● Problem details: For this exercise, return only the lines in the records below from the one holding "120pcs Colorful Push" through the one holding "Lot Of Back", including both, exactly as they appear and without pictures.

● Raw data:
..............................

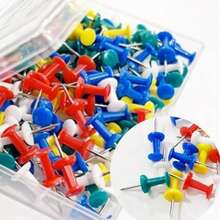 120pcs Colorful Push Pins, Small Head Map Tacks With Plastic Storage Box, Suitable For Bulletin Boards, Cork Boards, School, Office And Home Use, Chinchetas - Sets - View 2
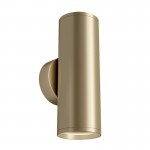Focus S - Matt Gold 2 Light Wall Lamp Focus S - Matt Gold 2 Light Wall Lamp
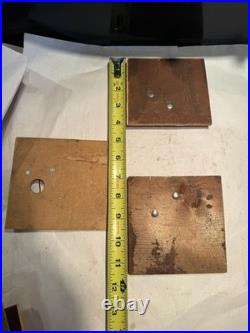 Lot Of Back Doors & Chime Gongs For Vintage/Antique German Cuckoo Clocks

..............................

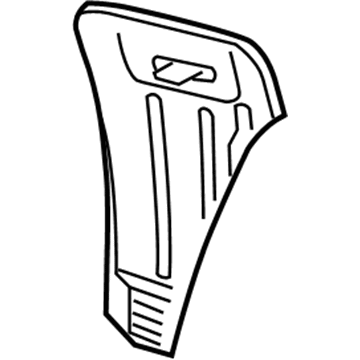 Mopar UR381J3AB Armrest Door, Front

..............................

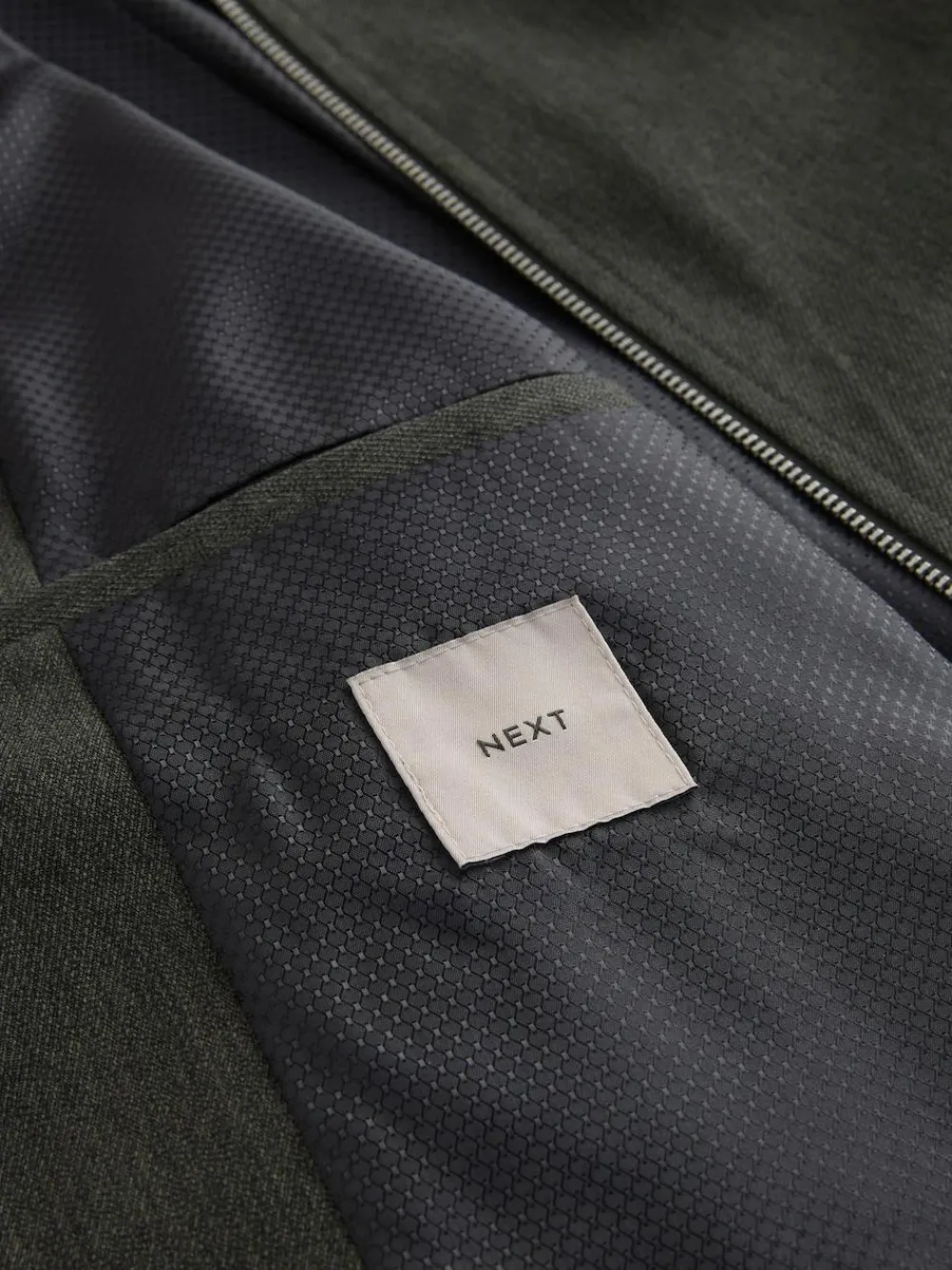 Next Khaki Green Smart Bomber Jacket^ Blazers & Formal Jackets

..............................

● Output:
 120pcs Colorful Push Pins, Small Head Map Tacks With Plastic Storage Box, Suitable For Bulletin Boards, Cork Boards, School, Office And Home Use, Chinchetas - Sets - View 2
Focus S - Matt Gold 2 Light Wall Lamp Focus S - Matt Gold 2 Light Wall Lamp
 Lot Of Back Doors & Chime Gongs For Vintage/Antique German Cuckoo Clocks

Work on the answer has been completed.